> _What is required_: When you repeat the entries below, please keep them exact and leave out the pictures.

> _Records from a data source_:
______________________________

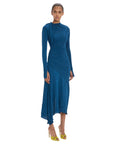Victoria Beckham Long Sleeve Plisse Dress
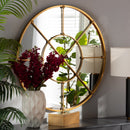 Metal Framed Round Wall Mirror | Bali Loom Ohara | Oroatrade.com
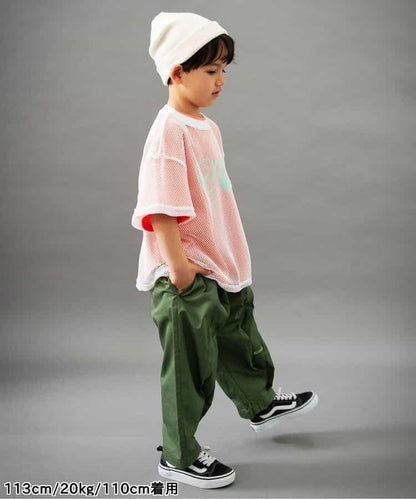 【B NEW JACK】寬鬆褶皺長褲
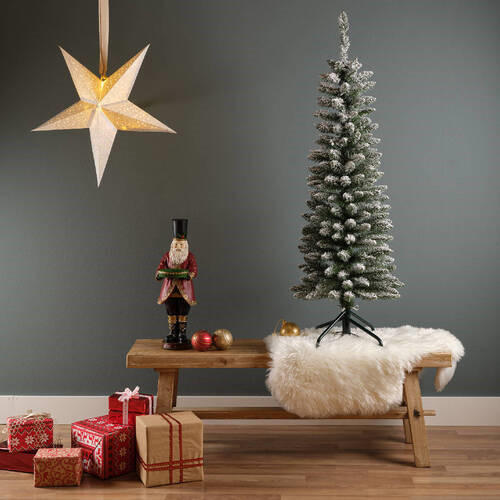 WEIHNACHTSBAUM 150 cm  - Weiß/Grün, Design, Kunststoff/Metall (46/150cm)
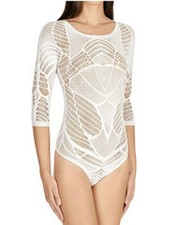 Wolford Net Lace Size Med White New Boxed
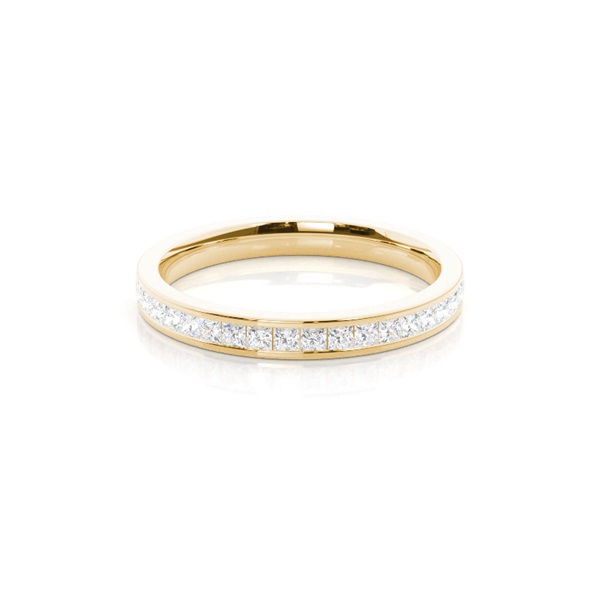 Channel Setting Half Eternity Diamond Ring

______________________________

> _Answer box_:
Victoria Beckham Long Sleeve Plisse Dress
 Metal Framed Round Wall Mirror | Bali Loom Ohara | Oroatrade.com
 【B NEW JACK】寬鬆褶皺長褲
 WEIHNACHTSBAUM 150 cm  - Weiß/Grün, Design, Kunststoff/Metall (46/150cm)
 Wolford Net Lace Size Med White New Boxed
 Channel Setting Half Eternity Diamond Ring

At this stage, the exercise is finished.